Don't Try to Navigate the Legal System Alone

When May a Father Contest the Adoption of His Child?

Generally, for a child in Texas to be adopted, both of the child's parents must consent to the adoption. This can be an issue if the child's biological father is not married to the child's mother, and the child's mother wants to give the child up for adoption. Fathers in this situation may want to object to the adoption. However, in order to do so, paternity must be established, and the father must show he is committed to raising the child.

It is important that paternity is established without delay. If paternity is not established in a timely manner, the father may be unable to contest the adoption. Also, failing to establish paternity in a timely manner could be seen as a lack of commitment to raising the child. Paternity can be established once the child is born, or even while the mother is pregnant.

Sometimes a child's mother keeps the pregnancy secret from the child's father. If a father is unaware that he has a child, when it comes to adoption it may be too late for him to object to it. While state law varies, sometimes a biological father needs to establish paternity and begin supporting the child starting at the child's birth, or even while the child's mother is pregnant. If a father waits until he is made aware that he has a child before taking these steps, he may lose the right to object to the adoption, especially if this unawareness was of his own doing.

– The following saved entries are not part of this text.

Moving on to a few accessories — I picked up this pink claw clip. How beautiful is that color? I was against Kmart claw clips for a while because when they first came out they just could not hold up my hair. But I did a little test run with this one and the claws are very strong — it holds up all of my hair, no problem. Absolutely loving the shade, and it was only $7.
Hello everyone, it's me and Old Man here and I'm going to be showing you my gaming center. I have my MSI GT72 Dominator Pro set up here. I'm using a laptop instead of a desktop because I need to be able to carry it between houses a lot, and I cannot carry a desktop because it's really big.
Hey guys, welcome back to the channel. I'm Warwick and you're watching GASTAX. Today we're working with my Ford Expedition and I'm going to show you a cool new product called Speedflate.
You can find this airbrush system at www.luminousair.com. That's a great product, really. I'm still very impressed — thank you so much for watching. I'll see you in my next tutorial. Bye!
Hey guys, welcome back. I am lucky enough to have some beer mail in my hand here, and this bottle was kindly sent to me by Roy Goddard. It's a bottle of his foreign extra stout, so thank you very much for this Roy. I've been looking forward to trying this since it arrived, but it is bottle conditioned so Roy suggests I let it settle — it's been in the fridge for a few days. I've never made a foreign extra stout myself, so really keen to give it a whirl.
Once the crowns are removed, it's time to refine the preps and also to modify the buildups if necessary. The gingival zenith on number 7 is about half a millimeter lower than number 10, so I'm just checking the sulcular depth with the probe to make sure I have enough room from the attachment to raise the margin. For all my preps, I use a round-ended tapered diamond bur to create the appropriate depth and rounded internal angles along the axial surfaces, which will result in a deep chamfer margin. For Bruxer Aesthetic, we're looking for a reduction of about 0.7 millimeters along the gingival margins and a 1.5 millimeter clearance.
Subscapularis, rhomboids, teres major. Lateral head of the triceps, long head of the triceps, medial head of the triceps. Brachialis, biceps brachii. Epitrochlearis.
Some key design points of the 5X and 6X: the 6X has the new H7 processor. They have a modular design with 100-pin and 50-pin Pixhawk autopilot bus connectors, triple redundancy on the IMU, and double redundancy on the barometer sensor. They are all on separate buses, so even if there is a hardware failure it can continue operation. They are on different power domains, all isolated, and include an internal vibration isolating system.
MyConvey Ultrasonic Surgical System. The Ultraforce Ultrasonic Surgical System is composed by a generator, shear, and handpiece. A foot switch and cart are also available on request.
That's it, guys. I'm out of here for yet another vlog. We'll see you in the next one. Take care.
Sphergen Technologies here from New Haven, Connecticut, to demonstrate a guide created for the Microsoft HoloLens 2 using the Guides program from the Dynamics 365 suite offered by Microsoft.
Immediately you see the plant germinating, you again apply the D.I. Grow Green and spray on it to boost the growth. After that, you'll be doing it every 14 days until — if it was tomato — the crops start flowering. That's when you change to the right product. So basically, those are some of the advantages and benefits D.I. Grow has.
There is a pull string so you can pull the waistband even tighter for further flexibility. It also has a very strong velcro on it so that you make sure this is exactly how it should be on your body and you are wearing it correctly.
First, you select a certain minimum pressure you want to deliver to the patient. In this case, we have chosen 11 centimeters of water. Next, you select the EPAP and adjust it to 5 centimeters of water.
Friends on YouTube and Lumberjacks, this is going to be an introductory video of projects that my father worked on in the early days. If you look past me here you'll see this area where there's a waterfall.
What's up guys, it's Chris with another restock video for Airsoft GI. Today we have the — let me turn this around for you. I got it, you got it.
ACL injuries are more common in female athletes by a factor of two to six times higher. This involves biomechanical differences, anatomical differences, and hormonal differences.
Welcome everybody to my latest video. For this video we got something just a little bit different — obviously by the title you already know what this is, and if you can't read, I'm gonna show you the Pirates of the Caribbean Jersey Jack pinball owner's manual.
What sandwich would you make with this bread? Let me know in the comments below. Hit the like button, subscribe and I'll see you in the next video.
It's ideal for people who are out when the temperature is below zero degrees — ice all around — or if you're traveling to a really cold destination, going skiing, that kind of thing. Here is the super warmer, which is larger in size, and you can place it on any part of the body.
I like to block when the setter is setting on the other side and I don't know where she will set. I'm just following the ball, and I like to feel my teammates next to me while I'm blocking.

With regards to establishing his commitment to raising the child, the biological father must support the child financially and emotionally. This means doing his best to establish a meaningful relationship with the child. The father may pay the medical bills related to the pregnancy and he may pay child support once the child is born. In addition, he should pursue the establishment of paternity as soon as he can. If the father fails to do so, he may not be able to contest the adoption.

Establishing paternity and proving that he is committed to raising the child may be necessary for a father to object to the adoption of his child. Since this post only provides general information and is not a substitute for legal advice, those who want more information on father's rights and adoption should seek the help they need to better understand this topic.